Antiretroviral therapy offers HIV-positive patients a life expectancy approaching that of the general population, and also may reduce HIV transmission up to 96% in heterosexual serodiscordant couples.6,27 Provision of PrEP should include an assessment of the patient's sexual partner(s), and if any partners are known to be HIV-positive, referral into care when appropriate. Although TasP is extremely effective, only a quarter of HIV-positive patients are maintaining viral suppression on antiretroviral therapy, and 20% of HIV-infected patients are unaware of their status.1 Although reduction of HIV transmission risk is a consideration, antiretroviral therapy should only be initiated when HIV-positive patients and their healthcare providers determine that therapy is appropriate and that patients are ready, willing, and able to adhere to treatment. Treatment as prevention data reflects mostly heterosexual couples, with limited information on the role of treatment as prevention for anal intercourse and among MSM. Recent data from an early analysis of the PARTNER study, which followed 282 MSM in serodiscordant couples for a median of 1.5 years of condomless sex, found zero HIV transmissions occurred when the HIV-infected partner was on antiretroviral therapy.28 Epidemiologic and biologic plausibility research shows that antiretroviral therapy reduces rectal HIV transmission, although it may not be as robust as the reduction in patients who have vaginal sex, and could be offset by increased risk taking due to decreased perceived risk.29


Cost efficacy

FTC/TDF (Truvada) is under patent until 2017 and has an annual wholesale cost listed at over $13,000. PrEP also incurs costs related to laboratory work, office visits, and management of complications. Whether the high cost of PrEP is unreasonable is a source of debate. Several models have attempted to provide insight into how the economics and epidemiology of HIV will be affected by PrEP.
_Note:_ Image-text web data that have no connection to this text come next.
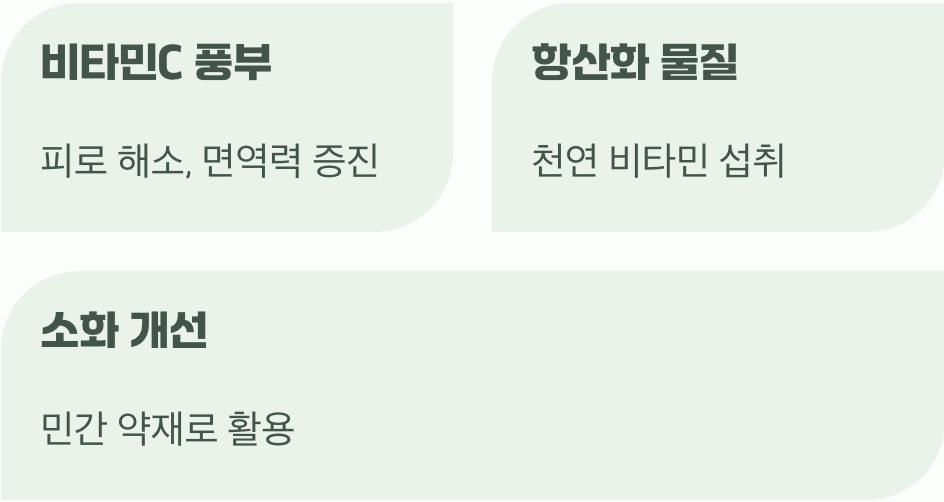 알고 보면 기특한&amp;#44; 숨겨진 효능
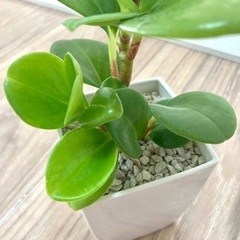 🪴観葉植物・ペペロミアの画像
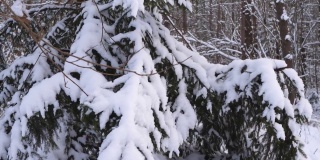 在严冬里，看着一棵枝头积雪的大云杉
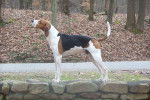 Photo Treeing Walker Coonhound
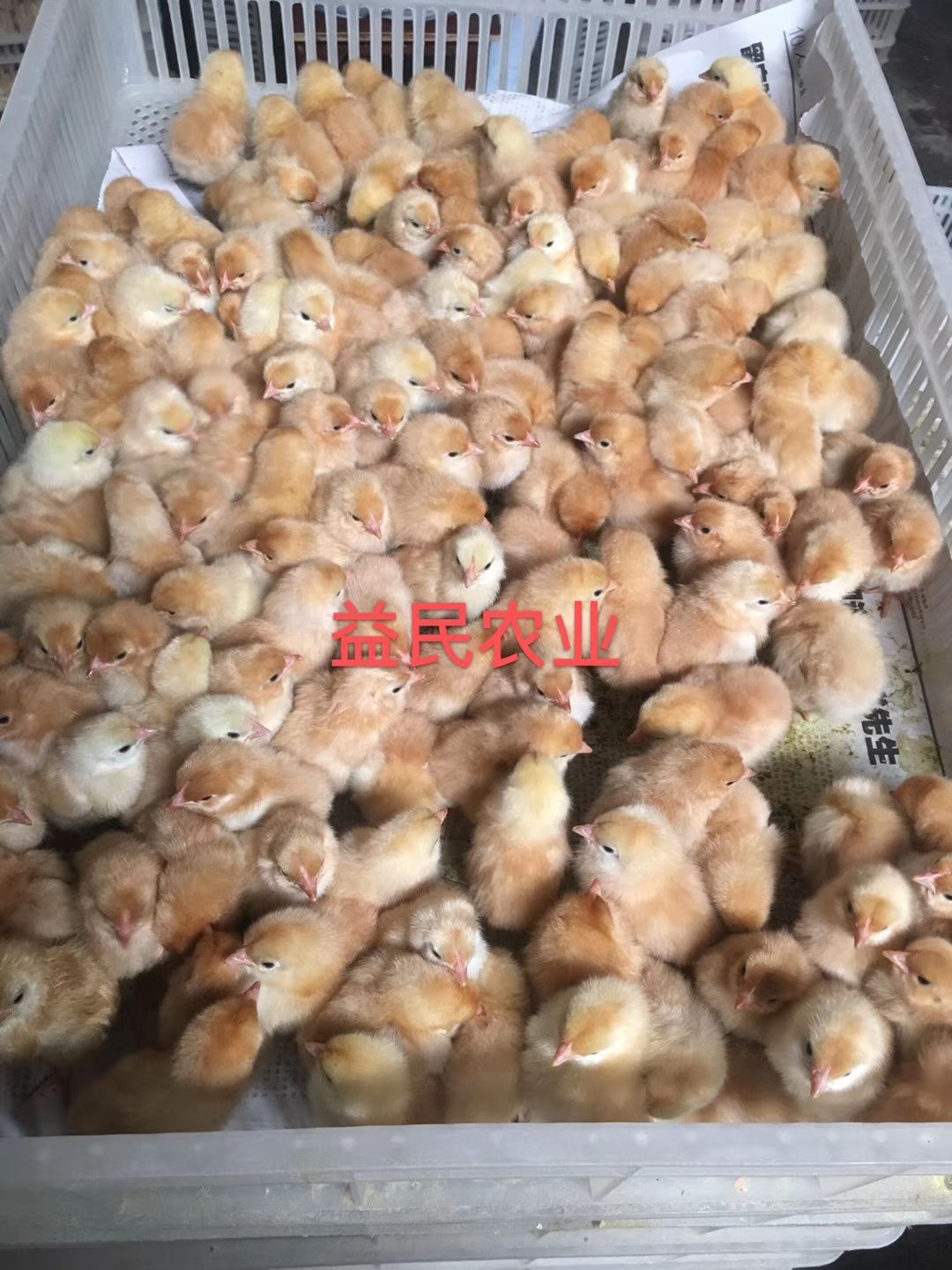 湘黄土鸡苗 优质湘黄土鸡母，包打液氮马立克疫苗包运输包运输存活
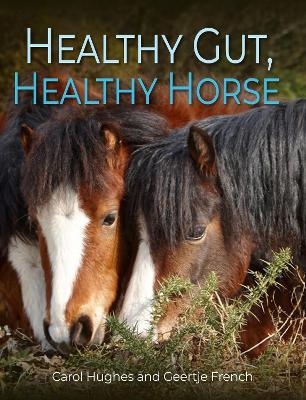 Healthy Gut, Healthy Horse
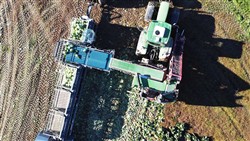 Cabbage Conveyor Semitrailer PTL-5CC, Laumetris Cabbage Conveyor Semitrailer PTL-5CC, Laumetris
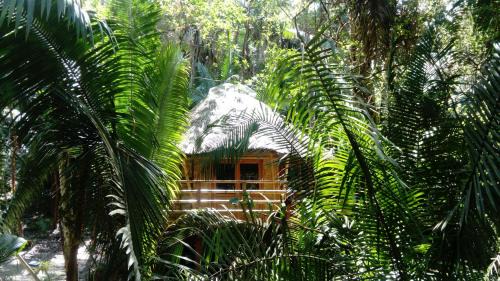 San Francisco Cabin | Aldea Bambú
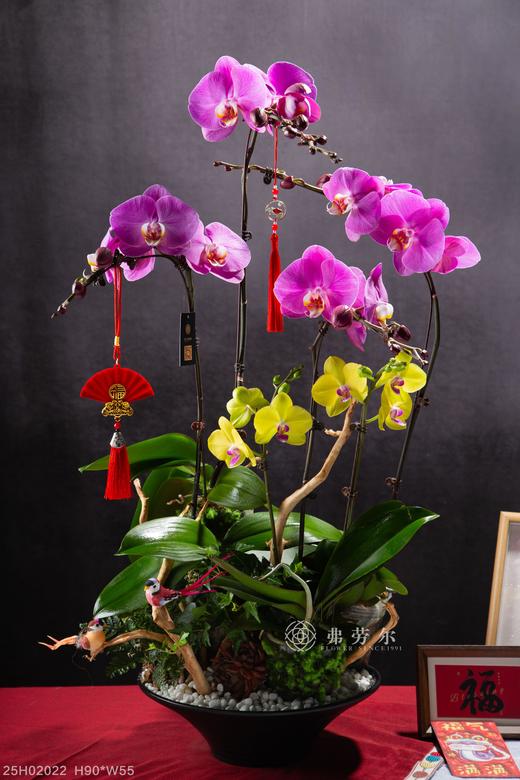 福如东海 商品图0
The wide range of estimates reflects varied methodology that includes factoring different indirect costs, PrEP efficacy, and participants' level of HIV risk. Most models use quality adjusted life years (QALYs), which define a dollar value for each quality life year gained. A value of $50,000 to 100,000 per QALY is generally accepted as cost-effective; a value of more than $300,000 per QALY is generally accepted in the United States as exceeding the cost-benefit threshold.30 Paltiel and colleagues simulated a group of MSM, mean age of 34 years, with 1.6% mean annual incidence of HIV infection, and showed that a 50% efficacy of PrEP reduced lifetime risk of HIV from 44% to 25% and increased life expectancy from 39.9 to 40.7 years, with an incremental cost-effectiveness ratio of $298,000 per QALY gained.31 Juusola and colleagues found that initiating PrEP in 20% of MSM in the United States would reduce infections by 13% and cost $550,166 per QALY over a 20-year period. The cost per QALY improves only if its use is limited to the most high-risk MSM at $172,091. These studies did not account for indirect effects secondary to reduced HIV incidence among those not taking PrEP, which would produce a more favorable QALY.32

Desai and colleagues developed a model that considers secondary and tertiary HIV prevention. Twenty-five percent of MSM using a 50% effective PrEP regimen with 50% adherence could achieve an incremental cost of $31,972 per QALY. Widespread use of PrEP reduced HIV infections, which also benefitted MSM not taking PrEP. If 15,000 MSM use PrEP for a 5-year period, the cost could reach $900 million.33

A review of these three trials show PrEP to be more cost-effective among highest-risk MSM, characterized as those of younger age, having five or more annual sexual partners, and not regularly screened for HIV. However, even a small increase in risk taking could offset the cost efficacy. Among the general MSM population, PrEP is consistently found to exceed what many in public health would consider cost-effective.34 Models of cost-efficacy among heterosexual men and women are limited to an African setting with significantly higher HIV prevalence and lower drug cost than the United States.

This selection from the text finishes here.